MM-BSN: Self-Supervised Image Denoising for Real-World with Multi-Mask
based on Blind-Spot Network
- URL: http://arxiv.org/abs/2304.01598v3
- Date: Fri, 7 Apr 2023 09:31:51 GMT
- Title: MM-BSN: Self-Supervised Image Denoising for Real-World with Multi-Mask
based on Blind-Spot Network
- Authors: Dan Zhang, Fangfang Zhou, Yuwen Jiang and Zhengming Fu
- Abstract summary: In self-supervised image denoising, blind-spot network (BSN) is one of the most common methods.
We propose a multi-mask strategy using multiple convolutional kernels masked in different shapes to break the noise spatial correlation.
We show that different masks can cause significant performance differences, and the proposed MM-BSN can efficiently fuse the features extracted by multi-masked layers.

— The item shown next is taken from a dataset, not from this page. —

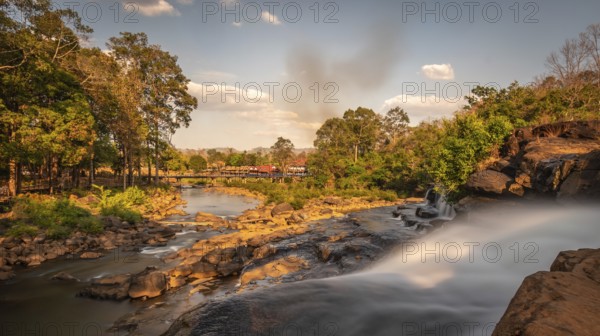 Long exposure of majestic Tad Lo waterfalls in Salavan province in southern Laos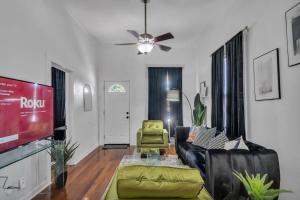 a living room with a couch and a tv at Heart of Ybor City 3bedroom walk to 7th ave in Tampa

- Score: 2.8376287904582176
- License: http://creativecommons.org/licenses/by/4.0/
- Abstract: Recent advances in deep learning have been pushing image denoising techniques
to a new level. In self-supervised image denoising, blind-spot network (BSN) is
one of the most common methods. However, most of the existing BSN algorithms
use a dot-based central mask, which is recognized as inefficient for images
with large-scale spatially correlated noise. In this paper, we give the
definition of large-noise and propose a multi-mask strategy using multiple
convolutional kernels masked in different shapes to further break the noise
spatial correlation. Furthermore, we propose a novel self-supervised image
denoising method that combines the multi-mask strategy with BSN (MM-BSN). We
show that different masks can cause significant performance differences, and
the proposed MM-BSN can efficiently fuse the features extracted by multi-masked
layers, while recovering the texture structures destroyed by multi-masking and
information transmission. Our MM-BSN can be used to address the problem of
large-noise denoising, which cannot be efficiently handled by other BSN
methods. Extensive experiments on public real-world datasets demonstrate that
the proposed MM-BSN achieves state-of-the-art performance among self-supervised
and even unpaired image denoising methods for sRGB images denoising, without
any labelling effort or prior knowledge. Code can be found in
https://github.com/dannie125/MM-BSN.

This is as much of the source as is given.